Frank Lévy lived in New York City for over 20 years. In 2011, the Lévy family moved to San Francisco. Since then Frank has performed as a soloist and chamber musician at numerous local venues, including the Old First Concerts in San Francisco, the Campbell Hall at Stanford, the Beethoven Center at San Jose State University and Palo Alto OFJCC, among others.
Sergei Sarajyan
Pianist Sergei Sarajyan is a professor at the Yerevan Komitas State Conservatory. Since beginning his pedagogical and educational work in 1963, over 100 students have graduated under his tutelage, among whom are many winners of international competitions.
Dr. Sarajyan’s performing career began in the early 1970s, in collaboration with renowned cellist Vagram Saradjian. Their numerous performances led them around the Soviet Union and Eastern Europe. They were awarded gold medals at international festivals in Bulgaria and Czechoslovakia.
Dr. Sarajyan holds masterclasses in the USA, UK, Italy, Russia, Georgia and Greece.

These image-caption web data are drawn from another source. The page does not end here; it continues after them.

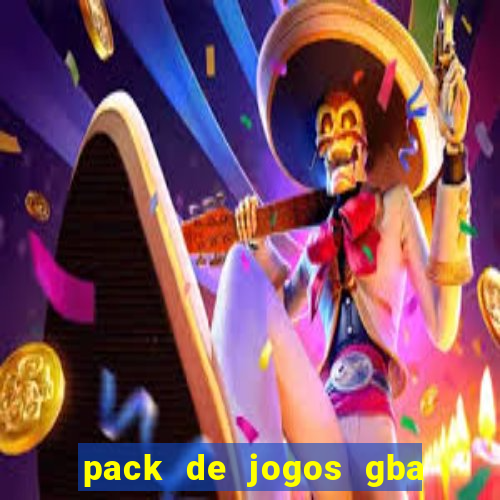 pack de jogos gba pt br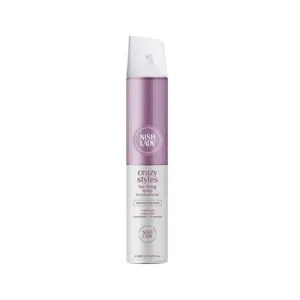 Nishlady Лак за коса Hair Fixing Spray 386ml
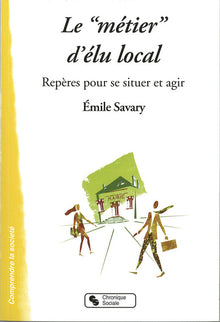 Le métier d'élu local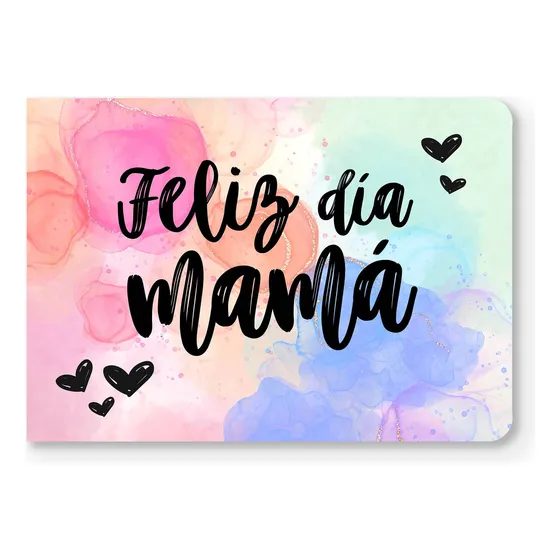 Fotofigus Álbum + Figuritas Adhesivas Con Tus Fotos. Focu Feliz Día Mamá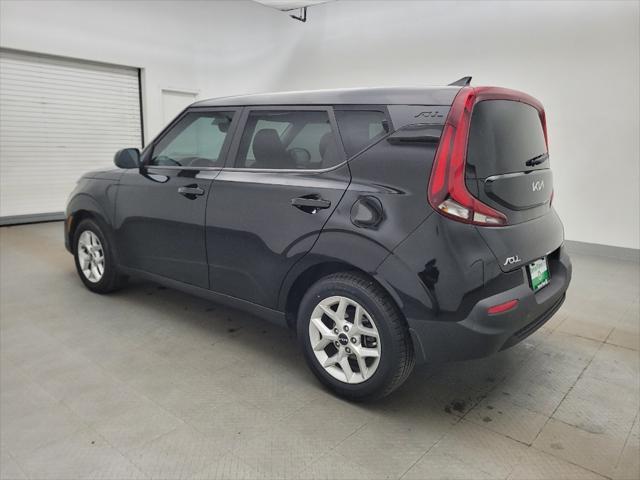 used 2022 Kia Soul car, priced at $17,795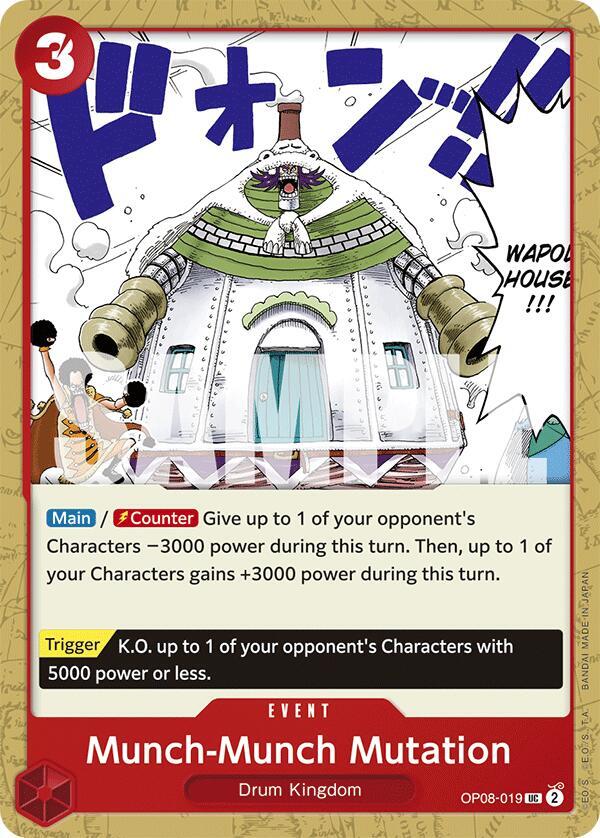 Munch-Munch Mutation card artwork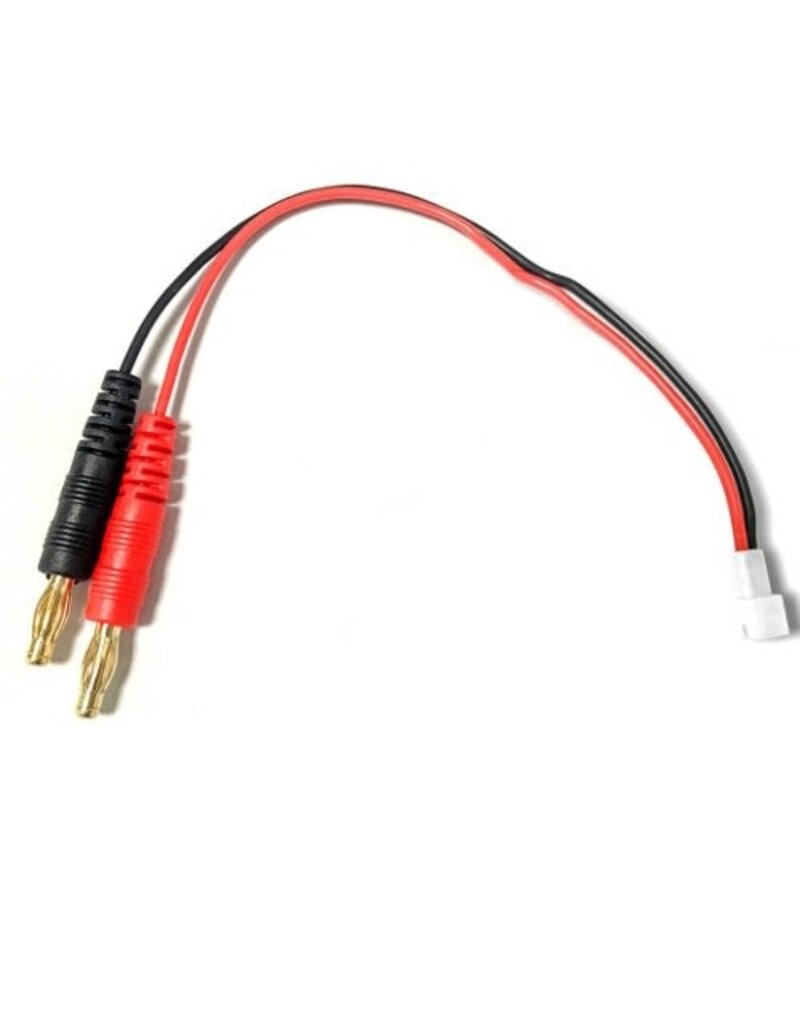 POWER HOBBY PHB5272 PH 2.0-2P  CHARGER ADAPTER (AXIAL SCX24 CHARGE LEAD)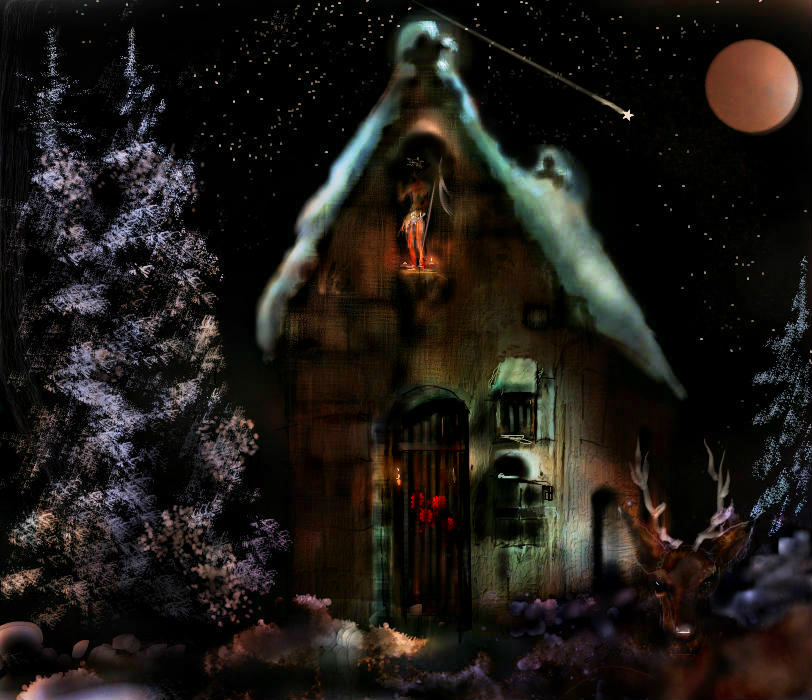 ChristmasRomance.jpg von Carlo ChristmasRomance.jpg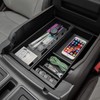 PIMCAR Center Console Organizer for Ford F150 2021 2022 2023,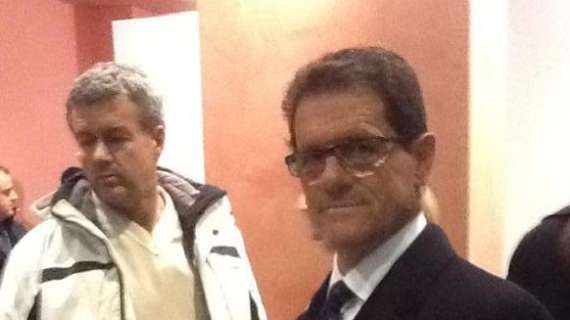 Capello-Inter, Corso scettico: "Però aveva detto..."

Paralleled with his pedagogical career, Dr. Sarajyan has held administrative posts at the Yerevan Komitas State Conservatory. First as the Dean of the Piano Faculty and later, from 2002-2011, as the Rector.
Dr. Sarajyan is the recipient of the “Second-Class Medal of Services to the Motherland” in Armenia, as well as the “Decoration of Honor Meritorious for Polish Culture” in Poland.